The next-step plan listed at the end of the previous article:

  • Reorder caption tags to match the Anima recommendation
  • Add natural-language sample descriptions that include directional information
  • Add rating and quality tags

The “directional info via natural language” part is the core. In test D from the previous article (pure natural language) it didn’t work at inference, but that was about inference — whether Qwen3 TE actually saw the directional concept during training is a separate question. The previous hypothesis was Qwen3 TE never had any material in the captions from which to extract direction information in the first place. This time we kill that hypothesis from the dataset side.

I summarized the current official guidance from the WAI-Anima v1 page and the Anima preview3-base page on Civitai.

Tag order:

[quality/rating/safety] [1girl/1boy] [character] [series] [artist] [general tags]

Order within each section is free.

The quality prefix is:

masterpiece, best quality, score_7, safe,

Use safe (not the SDXL-era general). Only the score_7 family of score tags is allowed underscores; everything else is space-separated and lowercase.

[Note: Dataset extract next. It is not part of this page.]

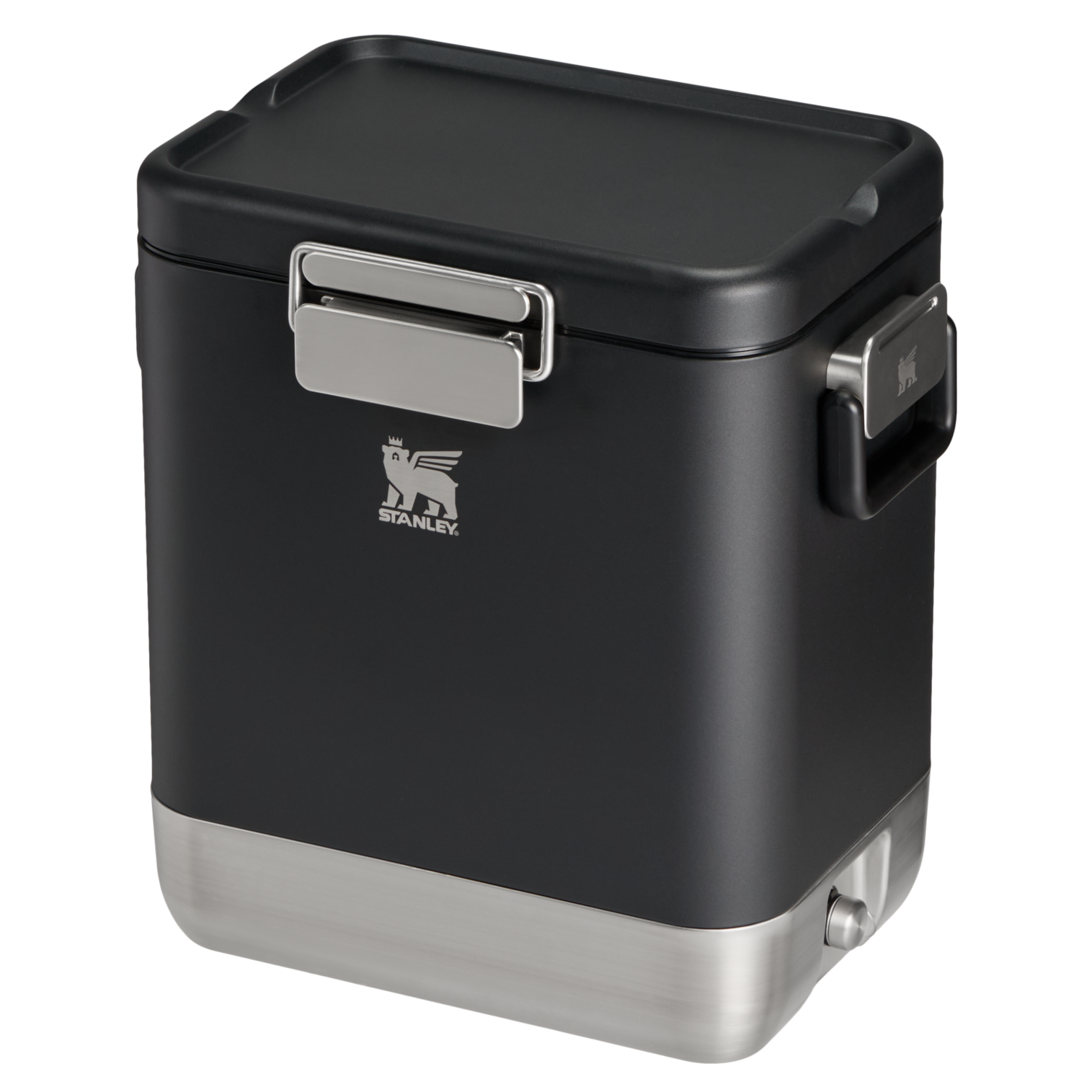 The Stanley Lifted Spirits??Steel Cooler | 26 QT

Natural language is recommended but not required. Anima was trained on Danbooru tags + natural-language captions + the combination of both, so since the training data includes natural-language versions, including them raises resolution.

The official recommended learning rate for a rank-32 LoRA starts at 2e-5. Last time I let AnimaLoraToolkit’s default of 1.0e-4 ride — about 5x higher — and loss progression was fine, so it worked out, but 2e-5〜5e-5 is closer to the actual recommendation.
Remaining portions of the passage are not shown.